Leslie Johnson, 60, made international news last year when she flushed a $100,000 check down the toilet and hid $79,600 in cash in her bra and underwear as federal agents pounded on the door of the couple’s Mitchellville home.
In court Friday, Johnson (D), apologized for her actions and described herself as a “woman of integrity, a woman of service, a woman who genuinely cares for the lives of others.” She said she was in the dark about bribes that prosecutors said netted her husband as much as $1 million over the course of years.
“I refused to allow my aberrant behavior to define me,” she said. “The truth is that I was a full-time working mother of three children while Jack was in office. I could not and did not focus on Jack’s activities because I was focused on my family’s needs.”
Messitte, who on Tuesday sentenced Jack Johnson (D) to more than seven years in prison, said her account “does not compute.”
“Clearly, she knew. I cannot accept the defendant’s explanation today that she did not,” he said. “She knew she was dealing with tainted money.”
The Johnsons’ sentences, after a six-year federal corruption investigation, mark the fall of an ambitious power couple who were known as public faces of African American success in Prince George’s. Prosecutors said the investigation is continuing, leaving open the possibility that others in county politics and business could be implicated.

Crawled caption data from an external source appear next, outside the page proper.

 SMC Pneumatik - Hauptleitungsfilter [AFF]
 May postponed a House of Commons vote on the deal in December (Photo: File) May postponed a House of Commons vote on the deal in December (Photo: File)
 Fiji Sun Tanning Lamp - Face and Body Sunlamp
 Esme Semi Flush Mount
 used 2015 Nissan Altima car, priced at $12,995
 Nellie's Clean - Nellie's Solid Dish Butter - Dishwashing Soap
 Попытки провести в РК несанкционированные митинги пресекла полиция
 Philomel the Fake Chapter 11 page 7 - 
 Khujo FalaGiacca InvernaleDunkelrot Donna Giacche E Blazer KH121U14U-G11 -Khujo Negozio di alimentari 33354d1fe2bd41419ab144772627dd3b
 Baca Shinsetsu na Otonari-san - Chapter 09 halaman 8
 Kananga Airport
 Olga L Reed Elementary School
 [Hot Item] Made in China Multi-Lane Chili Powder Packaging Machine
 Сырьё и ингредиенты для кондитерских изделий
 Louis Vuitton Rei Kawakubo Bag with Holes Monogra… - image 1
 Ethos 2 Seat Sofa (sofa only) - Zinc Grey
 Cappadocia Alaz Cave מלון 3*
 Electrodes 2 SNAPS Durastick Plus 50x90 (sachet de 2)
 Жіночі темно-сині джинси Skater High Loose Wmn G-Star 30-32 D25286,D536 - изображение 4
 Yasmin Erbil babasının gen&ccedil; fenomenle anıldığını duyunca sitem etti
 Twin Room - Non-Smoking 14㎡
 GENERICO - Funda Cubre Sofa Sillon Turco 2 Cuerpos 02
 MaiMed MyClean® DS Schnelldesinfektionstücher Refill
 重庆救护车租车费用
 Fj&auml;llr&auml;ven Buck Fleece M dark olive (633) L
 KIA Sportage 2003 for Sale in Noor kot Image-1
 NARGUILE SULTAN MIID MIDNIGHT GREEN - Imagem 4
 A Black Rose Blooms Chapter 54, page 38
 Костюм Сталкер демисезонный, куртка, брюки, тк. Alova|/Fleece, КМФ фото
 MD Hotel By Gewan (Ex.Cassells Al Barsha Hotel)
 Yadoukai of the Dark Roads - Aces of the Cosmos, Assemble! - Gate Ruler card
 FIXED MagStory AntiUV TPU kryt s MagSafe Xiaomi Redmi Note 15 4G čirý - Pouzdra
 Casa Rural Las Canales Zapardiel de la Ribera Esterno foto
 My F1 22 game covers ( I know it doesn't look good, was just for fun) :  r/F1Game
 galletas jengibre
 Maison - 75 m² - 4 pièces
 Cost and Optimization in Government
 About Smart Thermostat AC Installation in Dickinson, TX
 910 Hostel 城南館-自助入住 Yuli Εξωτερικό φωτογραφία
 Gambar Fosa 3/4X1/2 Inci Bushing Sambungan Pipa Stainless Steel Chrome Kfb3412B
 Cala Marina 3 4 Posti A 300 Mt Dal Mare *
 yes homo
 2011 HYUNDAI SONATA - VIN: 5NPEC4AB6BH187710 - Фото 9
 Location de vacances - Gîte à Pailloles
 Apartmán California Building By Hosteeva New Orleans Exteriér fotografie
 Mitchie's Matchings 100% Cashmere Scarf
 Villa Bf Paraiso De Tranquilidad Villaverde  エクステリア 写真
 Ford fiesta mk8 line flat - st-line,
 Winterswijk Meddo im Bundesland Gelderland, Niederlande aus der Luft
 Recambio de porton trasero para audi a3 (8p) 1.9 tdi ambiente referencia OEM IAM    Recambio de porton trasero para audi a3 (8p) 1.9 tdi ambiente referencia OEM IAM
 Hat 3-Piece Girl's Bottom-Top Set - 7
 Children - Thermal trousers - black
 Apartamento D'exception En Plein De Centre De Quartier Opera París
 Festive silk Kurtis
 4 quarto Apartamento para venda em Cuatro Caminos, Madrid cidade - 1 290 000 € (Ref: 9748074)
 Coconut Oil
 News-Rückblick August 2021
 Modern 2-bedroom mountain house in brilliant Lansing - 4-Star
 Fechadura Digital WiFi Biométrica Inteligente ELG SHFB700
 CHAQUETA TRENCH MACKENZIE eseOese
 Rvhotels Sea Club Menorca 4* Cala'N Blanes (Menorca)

Prosecutor David Copperthite said Leslie Johnson was aware of her husband’s activities and understood what she was doing when she destroyed evidence. “She wasn’t just obstructing the crimes of her husband,” Copperthite said. “She was obstructing her own crimes.”
Messitte agreed with prosecutors. “Mrs. Johnson,” the judge said as he explained the sentence, “you are not an innocent spouse, you were a complicit spouse.”
Leslie Johnson is to report to prison March 9 and will be eligible for release after 10 months, Messitte said. She had asked to remain free on probation, saying she needs to care for her 91-year-old mother, an ill sister and a son in his 20s, who is in graduate school and lives at home.
Copperthite described Johnson as “very cool, very calculated,” when she was overheard consulting with her husband as he advised her to tear up a $100,000 check from Laurel physician Mirza Baig, who has been convicted in connection with the probe, and help locate cash hidden in the house. She then tried to leave undetected by federal agents and with nearly $80,000 in cash stuffed in her underwear.